La sequía primaveral de nuestro altiplano se convirtió en una plácida lluvia de triunfos mexicanos en Europa. En lo taurino y en lo enológico. Así como vimos a Fonseca, a Valadez, a Adame y a Gilio brindar actuaciones importantes, uno de nuestros tintos abajeños, Pozo de Luna Syrah Single Vineyard 2016, recibió la Medalla de Oro en el muy relevante Concours Mondial de Bruxelles, que sería como el San Isidro o el Feria de Abril de los vinos.

La Puerta Grande del novillero michoacano Isaac Fonseca en la Real Maestranza de Caballería de Sevilla, tras sus destacadas faenas en Las Ventas y otras serias plazas españolas; la oreja de Leo Valadez y la vuelta al ruedo de Joselito Adame en Madrid, junto a la gran muestra de valor y maneras que le costó una cornada a Arturo Gilio en la misma plaza, aromatizaron al mes de mayo ibérico con esencias mexicanas.

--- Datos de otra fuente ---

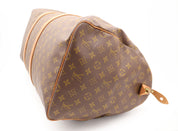 Louis Vuitton Keepall 55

“El público de Madrid me hizo sentir especial. Siendo tan exigente, me reconocieron en muchos momentos de mi actuación, y eso para mí vale oro”, dijo el lagunero, una vez que salió del quirófano. Así el oro que obtuvo en el ruedo bruselense el vino potosino: valioso por la concurrencia crítica que lo otorgó.

Pozo de Luna Syrah Single Vineyard ha ganado anteriormente otras medallas y reconocimientos; éste más reciente no es ni sorpresa ni novedad. Imagino que las virtudes y valores que los jueces del concurso reconocieron para elegirlo entre los mejores del mundo está alrededor de dos elementos clave: la autenticidad y la singularidad, cualidades ambas de todos y cada uno de los toreros mexicanos que también triunfan en Europa.

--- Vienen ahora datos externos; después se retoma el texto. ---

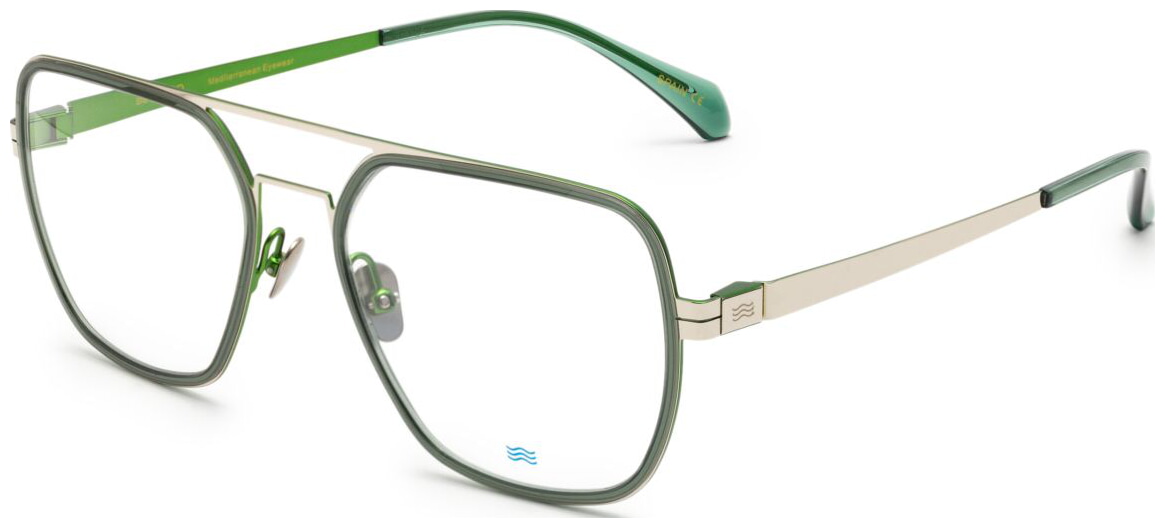 JISALEXANDER DIOPTRIJSKI OKVIR JISCO - Slika 2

Este vino es auténtico porque es el vivo reflejo de su tierra, de su clima, de su gente; porque proviene enteramente de un viñedo específico, que fue plantado por los mismos productores hace más de un decenio; porque es el fruto de una filosofía y una forma de ser particulares; porque es sol potosino y neblina soldense; porque siempre ha toreado para sí mismo.

Este Pozo de Luna Syrah es singular por su crianza en barricas nuevas, por los 3 años de guarda en botella dentro de su cava, porque dentro del panorama del vino mexicano es muy difícil encontrar una botella que se ponga a disposición luego de su quinto o sexto año a partir de la cosecha, porque es todo paciencia, porque es todo tiempo, porque es todo torear despacio.

Como agua de mayo recibimos las albricias que nos envía desde el Viejo Continente esta generación mexicana de artistas y de obras de arte.